- _Instructions to follow_:
Retype all of the listing exactly, with no pictures.

- _Provided material_:
BEGIN

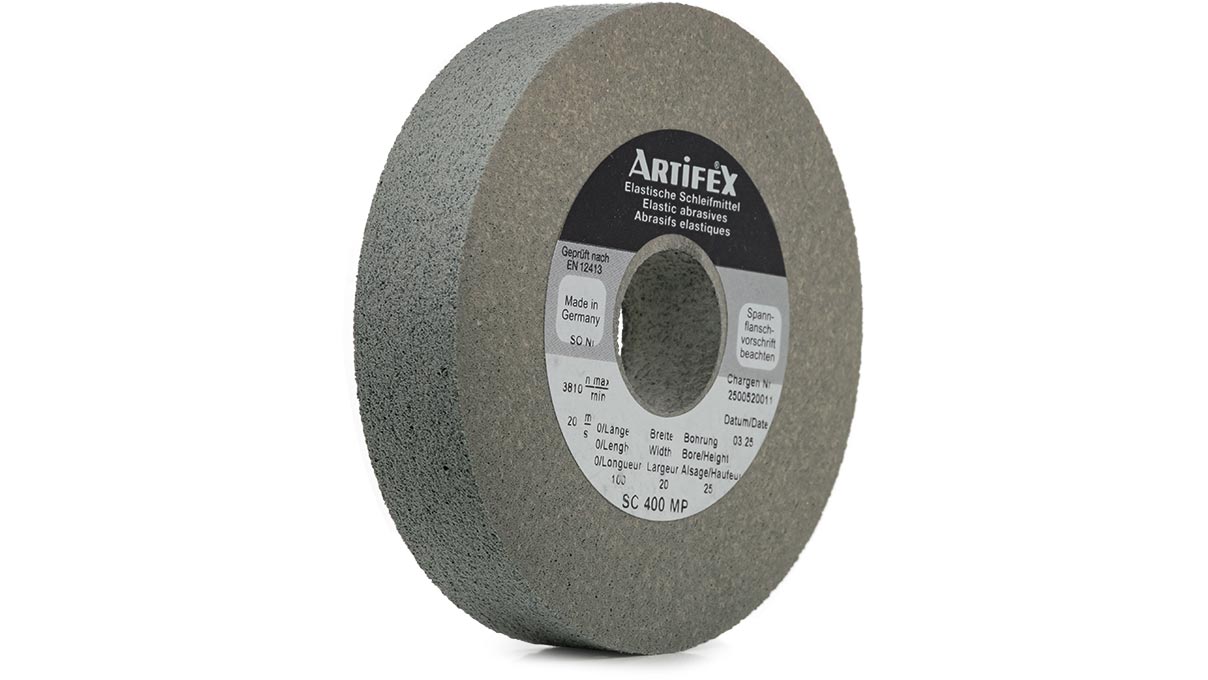 Artifex meule SC 400 MP, grain très fin, dureté moyenne, Ø 100 x 20 mm, alésage Ø 25 mm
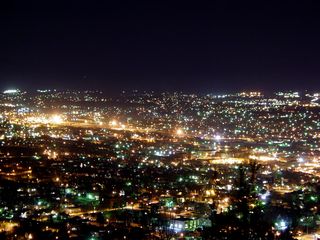 The city of Roanoke, as seen from the lower observation deck of Mill Mountain Park, is always a beautiful sight, though especially so at night, when all the lights become bright.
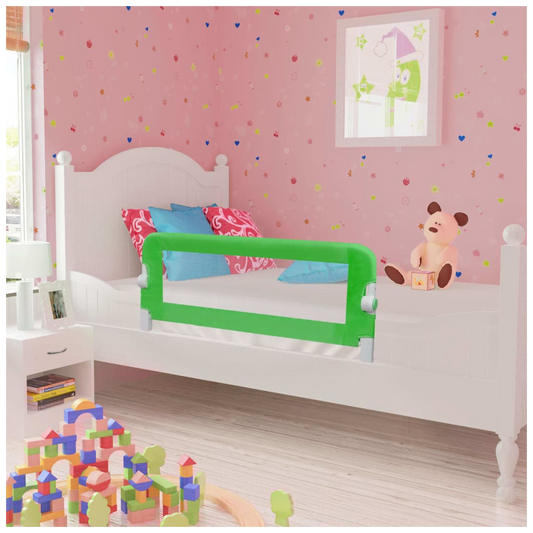 Toddler Safety Bed Rail 2 pcs Green 102x42 cm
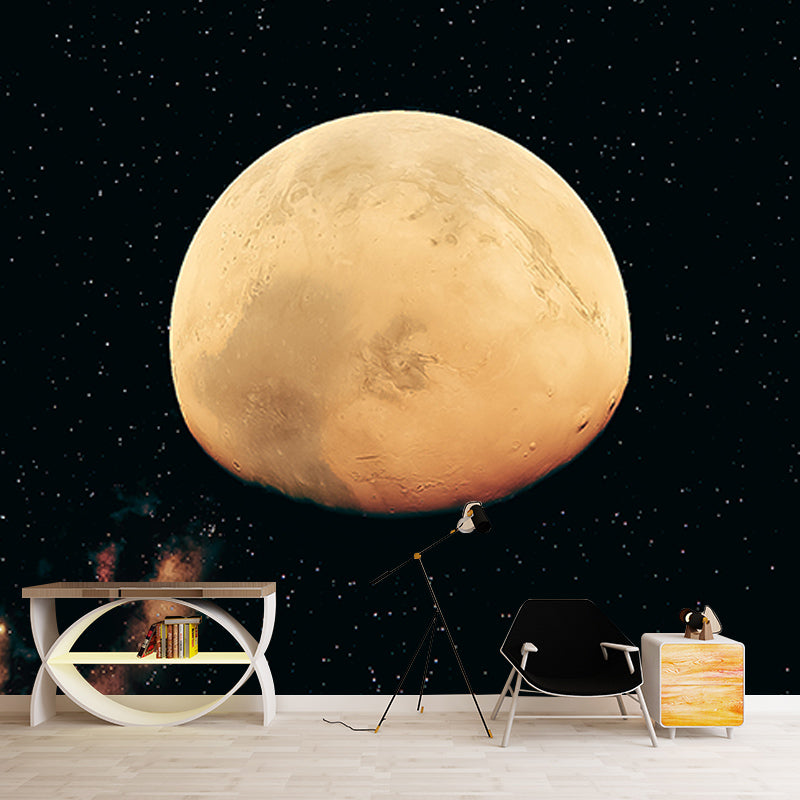 Modern Photography Mural Wallpaper Galaxy Environment Friendly Indoor Wall Mural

END

- _Result of the exercise_:
 Artifex meule SC 400 MP, grain très fin, dureté moyenne, Ø 100 x 20 mm, alésage Ø 25 mm
 The city of Roanoke, as seen from the lower observation deck of Mill Mountain Park, is always a beautiful sight, though especially so at night, when all the lights become bright.
 Toddler Safety Bed Rail 2 pcs Green 102x42 cm
 Modern Photography Mural Wallpaper Galaxy Environment Friendly Indoor Wall Mural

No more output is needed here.